--- INFORMATION ---
■ ■ ■ ■ ■

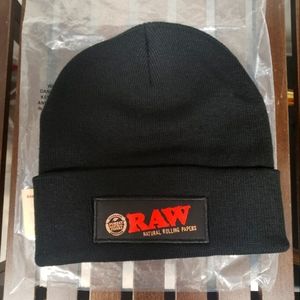 🔥🆕 RAW Black Beanie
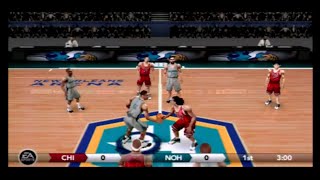 NBA Live 09  Gameplay PSP [upl. by Danczyk]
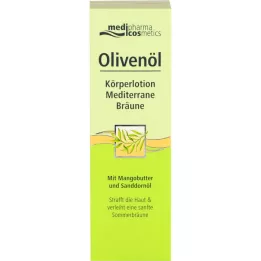 Ciało oliwy z oliwek Mediterranean Tan, 200 ml
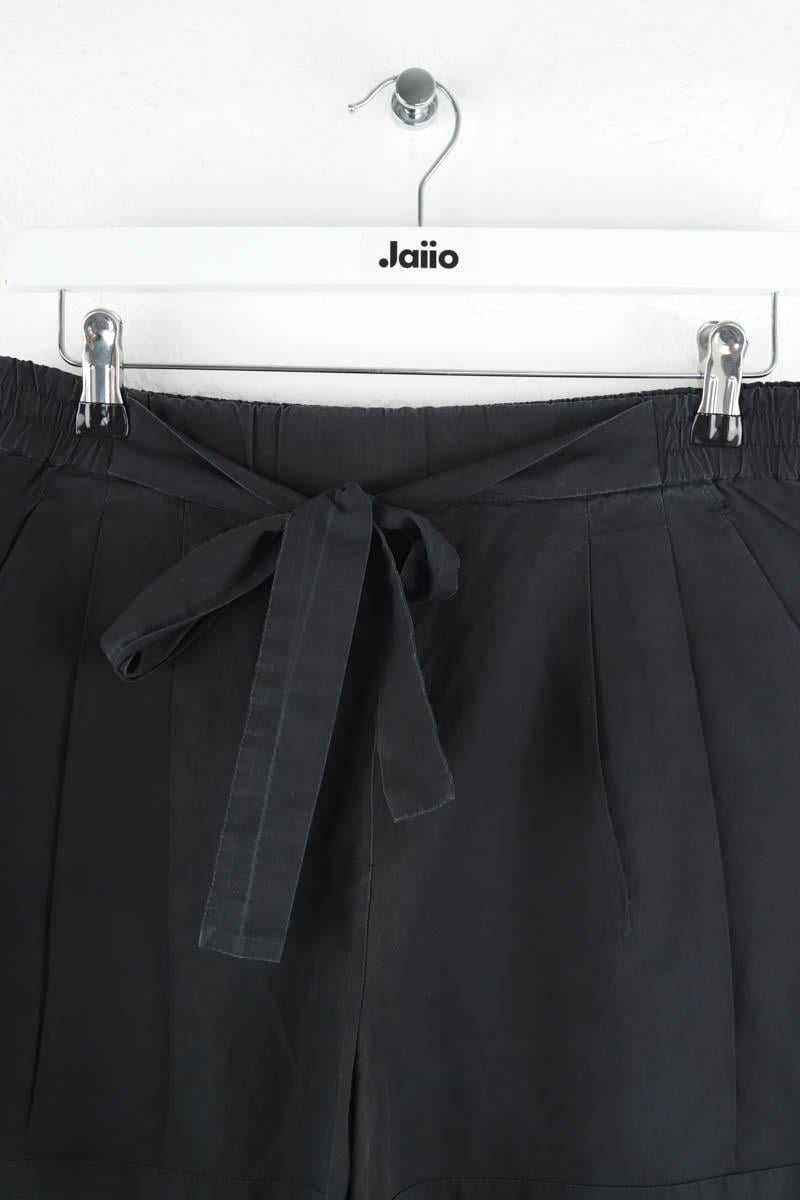 Cotton mini shorts PAULE KA - Seconde main Black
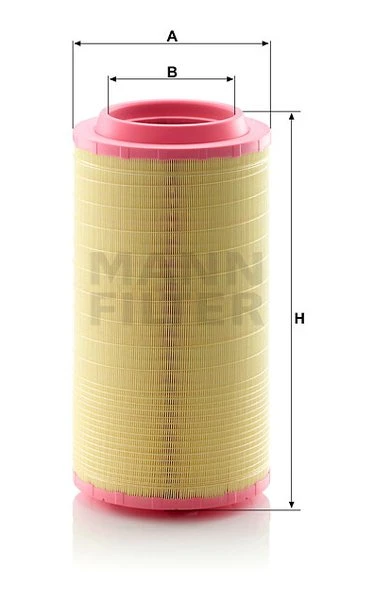 Vzduchový filter MANN FILTER C 27 023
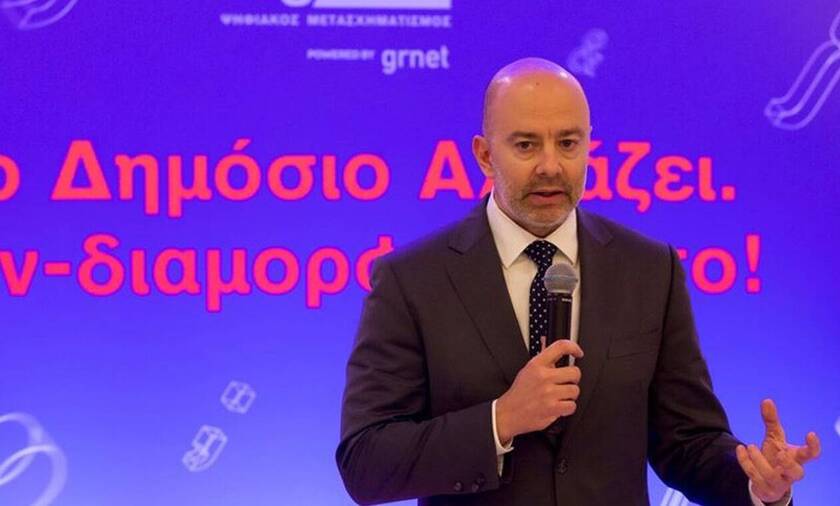 Ζαριφόπουλος: Οι πολίτες θα εξυπηρετούνται μέσω τηλεδιάσκεψης στο MyΚΕΠlive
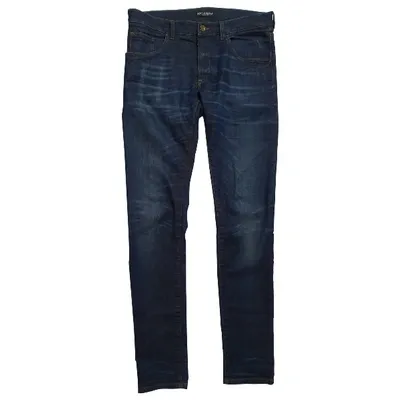 Pre-owned Dolce & Gabbana Slim Jean In Blue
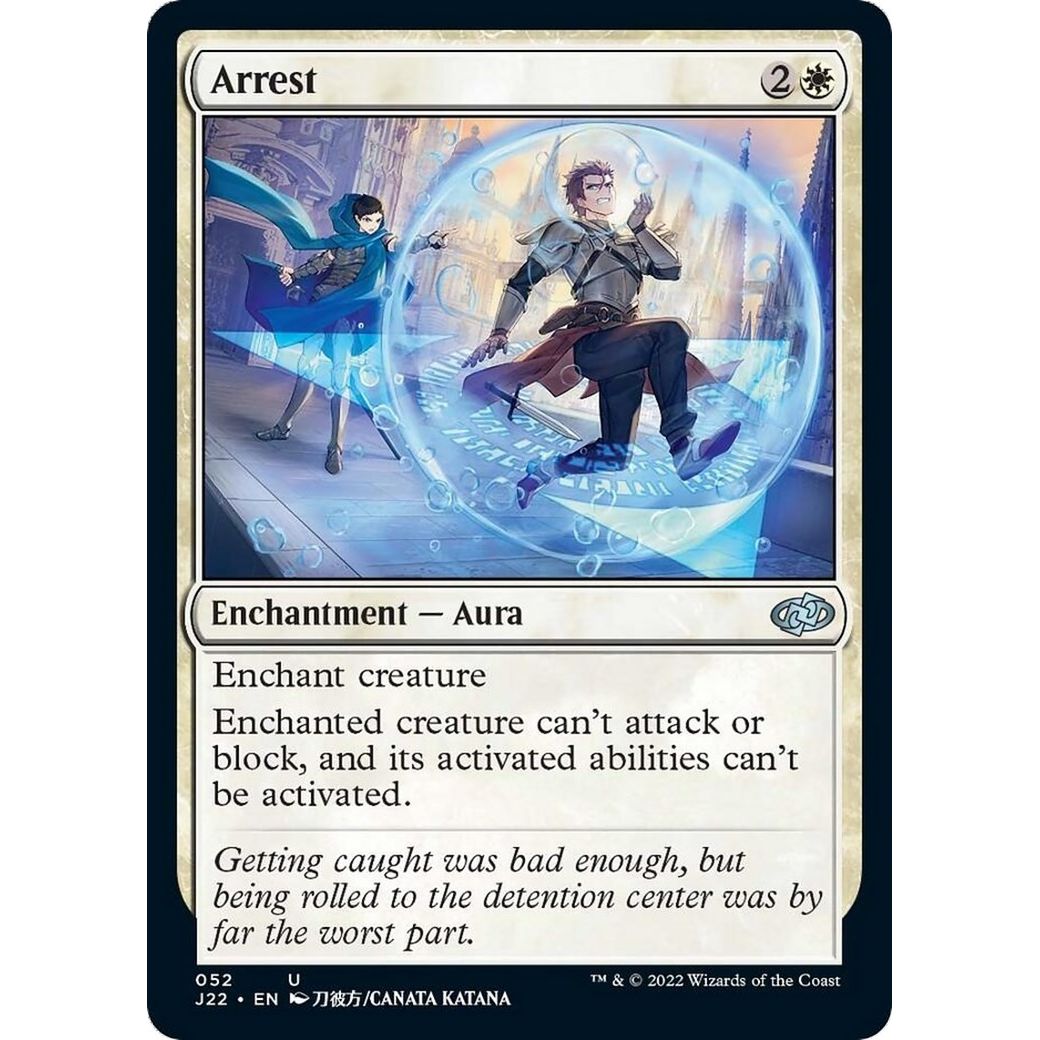 Image for Arrest (52) (J22) - Magic: The Gathering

■ ■ ■ ■ ■

--- PROBLEM DESCRIPTION ---
Excluding images, output exactly the lines from the one that holds "Cotton mini shorts" through the final line of the material, both ends included.

--- THE COMPLETED TASK ---
 Cotton mini shorts PAULE KA - Seconde main Black
 Vzduchový filter MANN FILTER C 27 023
 Ζαριφόπουλος: Οι πολίτες θα εξυπηρετούνται μέσω τηλεδιάσκεψης στο MyΚΕΠlive
 Pre-owned Dolce & Gabbana Slim Jean In Blue
 Image for Arrest (52) (J22) - Magic: The Gathering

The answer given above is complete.